The drop-off this season has been stunning, particularly because of what he did last season.

Entering the 2022 summer, McDavid made it his mission to become a prolific goal-scorer. He studied video of Auston Matthews’ release. He blasted shots on hot summer days until his hands were blistered and bleeding.

It was his buddy and noted sniper Leon Draisaitl — a three-time 50-goal scorer — who egged McDavid on by issuing a challenge to score 60. Getting there seemed like a reach considering McDavid had never even hit the half-century mark before. Yet, he found the back of the net 64 times to lead the NHL.

McDavid had 20 more goals than his previous career high, set the year before.

“He’s a pass-first guy who scored 60,” Hyman said. “That’s how I talk about Leon, but he scored 60 as a pass-first guy. It’s pretty incredible.”

It was always going to be difficult to get back to that 2022-23 level. But McDavid isn’t in the ballpark.

“He makes his read every time he’s out there — shooting or passing,” Hyman said. “He’s not trying to set records for himself. He’s just trying to win hockey games.

“There’s a lot of randomness to goal scoring.”

There are a few reasons for the drop-off.

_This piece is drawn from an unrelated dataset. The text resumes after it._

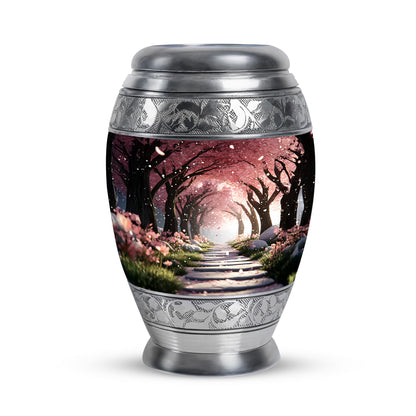 Ethereal Cherry Blossom Memorial Cremation Urns - Red 10-inch, 200 cu in - Yatskia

He’s shooting the puck less. He had 352 shots in 82 games last season, almost 4.3 on goal per game. After recording three shots on Monday, McDavid has 180 through his first 54 games — a 3.3 average or one fewer shot each game.

“I’m passing away some opportunities every now and then,” he said. “I think back to some two-on-ones — passing away. Good looks in the slot — passing away. Maybe there’s a little bit of that.

“Goal scoring is a little bit lucky, too. Sometimes it’s going in; sometimes it’s not.”

McDavid’s shooting percentage is down, too. He scored on 18.2 percent of his shots in 2022-23. His success rate this season is 11.7, the worst clip of his career.

Per NHL Edge, McDavid was in the top tier when compared to his peers in scoring from the high slot (a 23.5 percent proficiency rate), at the left faceoff dot (24.5 percent), and from the left sideboards (8.3 percent). Those clips are 10 percent, 4.5 percent, and zero percent, respectively — all below league average.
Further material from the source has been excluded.